╔══

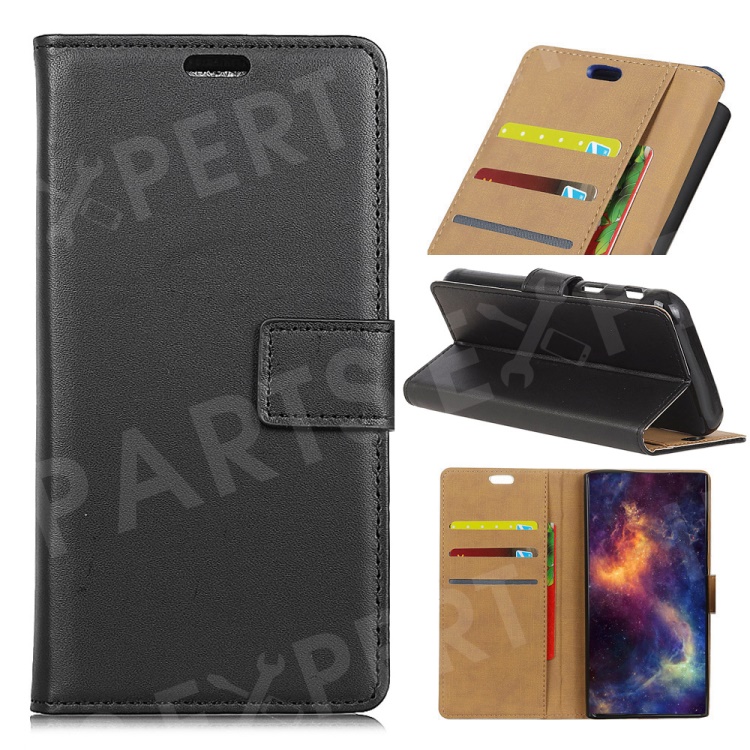 For iPhone XR 6.1 inch Folio Flip PU Leather Stand Wallet Shell - Black, iPhone XR 6.1 inch
For iPhone XR 6.1 inch Folio Flip PU Leather Stand Wallet Shell - Black, iPhone XR 6.1 inch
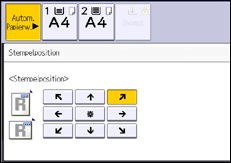 Abbildung Bedienfeld-Display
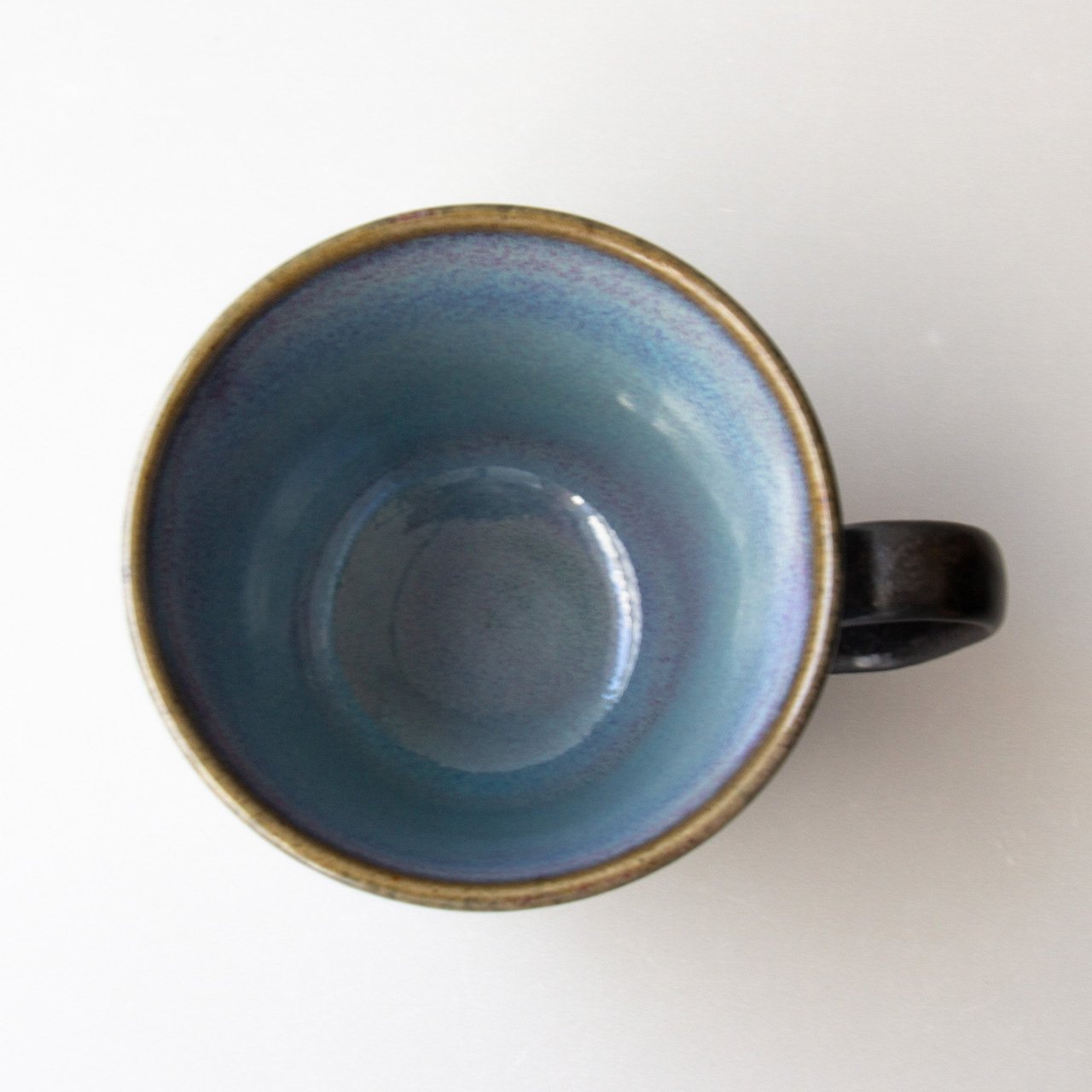 【公式オンラインストア限定】生涯を添い遂げるマグ 越前焼 竜仙窯 ペアセット 均窯釉 ブルー・パープル ギフトボックス入り ペアセット 均窯釉 ブルー・パープル large image number 5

╚══

◆ EXERCISE BRIEF: For this task, give the full listing again verbatim and keep out every picture.

◆ OUTPUT OF THE TASK:
 For iPhone XR 6.1 inch Folio Flip PU Leather Stand Wallet Shell - Black, iPhone XR 6.1 inch
For iPhone XR 6.1 inch Folio Flip PU Leather Stand Wallet Shell - Black, iPhone XR 6.1 inch
 Abbildung Bedienfeld-Display
 【公式オンラインストア限定】生涯を添い遂げるマグ 越前焼 竜仙窯 ペアセット 均窯釉 ブルー・パープル ギフトボックス入り ペアセット 均窯釉 ブルー・パープル large image number 5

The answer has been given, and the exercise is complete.